Das wirke sich mitunter positiv aus in ideologischen Debatten über Themen, wo Grüne und SVP konträre Positionen vertreten. - Wesentlich mehr inhaltliche Überschneidungen gibt es zwischen der Schweizerischen Volkspartei und der rechtsliberalen FDP, dennoch legt die Liberale Doris Fiala Wert auf eine Abgrenzung:
"Wir sind beide Parteien rechts der Mitte. Der große Unterschied ist: Die FDP ist in der Schweiz die einzige Partei mit einem liberalen Geist rechts der Mitte. Demgegenüber ist die SVP eine wertekonservative Partei. Und da haben wir die großen Differenzen, die großen Diskussionen, in der internationalen Frage, in der Europafrage."
Tipps für deutsche Parlamentarierkollegen
Mit großer Aufmerksamkeit hat man auch in der Schweiz den Einzug der AfD in den Bundestag beobachtet. Was ist die richtige Reaktion darauf? Abgeleitet von ihren Erfahrungen mit der SVP haben die befragten Berner Parlamentarier Tipps für die Deutsche Politik. Sozialdemokrat Cédric Wermuth etwa warnt:
"Ich glaube, es ist ein bisschen eine unterschiedliche Konstellation, sicher. Aber falls sich die AfD ähnlich entwickeln sollte - oder die Situation - wie mit der SVP, dann ist, glaube ich, das Wichtigste, dass man nicht den Fehler machen darf und glauben darf, man kann Rechtspopulismus damit bekämpfen, indem man selber rechte Positionen in ihren Kernthemen einnimmt."

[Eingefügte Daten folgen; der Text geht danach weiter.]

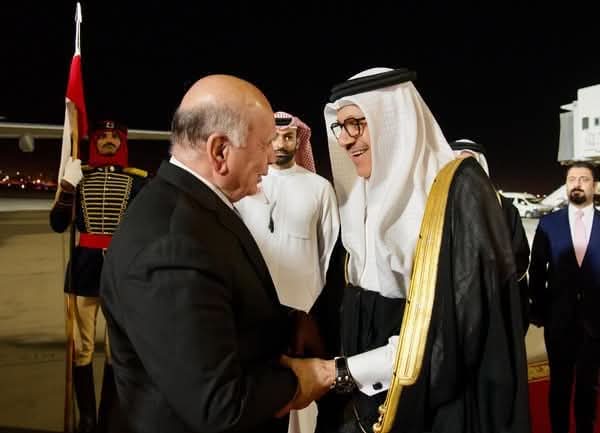 وزير خارجية مملكة البحرين يستقبل نائب رئيس الوزراء ووزير الخارجية فؤاد حسين في المنامة ويعقدان مباحثات ثنائية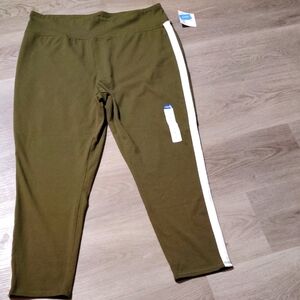 🚚2/$15🆕Olive Green Stripped Capri Leggings Sz XXL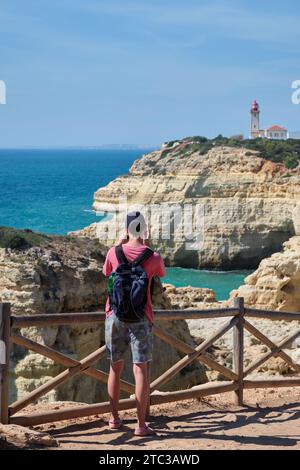 Klippen und Küstenwanderungen östlich der Carvoeiro Algarve Portugal Stockfoto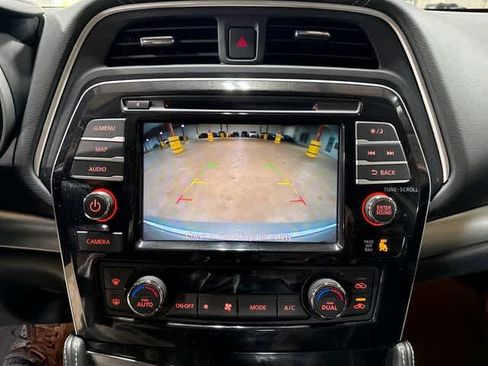 Used 2023 Nissan Maxima SV FWD image 23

Auf keinen Fall die Politik des Gegners nachmachen, empfiehlt auch die Grüne Regula Rytz:
"Das ist wirklich das Allergefährlichste, weil die Menschen wählen dann das Original. Also, wenn hier die SVP mit abstrusen Vorstellungen wie zum Beispiel ein Burka-Verbot in der Verfassung kommt, dann müssen die anderen Parteien wirklich zusammenstehen und sagen: Das ist einer Demokratie unwürdig, Kleidervorschriften in die Verfassung zu schreiben. Also die größtmögliche Abgrenzung."
Liberale: Nicht den Kontakt zu den Bürgern verlieren
Und die Liberale Doris Fiala rät zu mehr Kontakt zwischen Politikern und Wählern:
"Das Allerwichtigste ist, dass wir Politiker nicht eine andere Flughöhe bekommen als vielleicht unsere Bürgerinnen und Bürger."
Keiner der befragten Schweizer Politiker will SVP und AfD direkt miteinander vergleichen - obwohl sich inhaltlich bei beiden rechten Parteien durchaus Parallelen aufdrängen.